___ WORKING DATA
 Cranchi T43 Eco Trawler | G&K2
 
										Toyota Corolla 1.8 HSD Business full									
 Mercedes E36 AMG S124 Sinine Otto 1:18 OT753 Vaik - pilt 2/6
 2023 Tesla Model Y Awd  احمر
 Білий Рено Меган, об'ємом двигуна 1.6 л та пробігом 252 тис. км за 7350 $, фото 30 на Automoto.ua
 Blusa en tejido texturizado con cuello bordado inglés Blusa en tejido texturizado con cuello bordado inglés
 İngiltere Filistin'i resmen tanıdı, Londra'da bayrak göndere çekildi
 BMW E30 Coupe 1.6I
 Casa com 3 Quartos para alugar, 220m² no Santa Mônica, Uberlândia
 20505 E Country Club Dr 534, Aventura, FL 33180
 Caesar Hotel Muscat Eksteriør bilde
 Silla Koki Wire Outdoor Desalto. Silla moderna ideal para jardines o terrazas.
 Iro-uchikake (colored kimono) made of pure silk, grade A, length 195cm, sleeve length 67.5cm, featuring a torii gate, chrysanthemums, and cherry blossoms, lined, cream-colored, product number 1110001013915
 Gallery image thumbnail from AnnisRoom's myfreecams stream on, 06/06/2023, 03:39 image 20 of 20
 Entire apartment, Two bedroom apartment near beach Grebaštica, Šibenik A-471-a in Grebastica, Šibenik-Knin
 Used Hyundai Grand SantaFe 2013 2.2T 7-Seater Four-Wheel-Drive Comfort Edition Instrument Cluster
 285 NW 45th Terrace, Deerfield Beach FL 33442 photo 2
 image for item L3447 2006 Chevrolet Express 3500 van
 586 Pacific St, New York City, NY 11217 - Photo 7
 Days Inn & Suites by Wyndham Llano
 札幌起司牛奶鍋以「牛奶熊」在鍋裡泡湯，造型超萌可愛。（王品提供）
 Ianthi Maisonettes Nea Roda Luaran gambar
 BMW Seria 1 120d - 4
______
EXERCISE INSTRUCTIONS.
Everything starting at the line containing "BMW E30 Coupe 1.6I" and ending at the line containing "Silla Koki Wire" in the records above should be repeated exactly, and only that.

RESULT BELOW.
 BMW E30 Coupe 1.6I
 Casa com 3 Quartos para alugar, 220m² no Santa Mônica, Uberlândia
 20505 E Country Club Dr 534, Aventura, FL 33180
 Caesar Hotel Muscat Eksteriør bilde
 Silla Koki Wire Outdoor Desalto. Silla moderna ideal para jardines o terrazas.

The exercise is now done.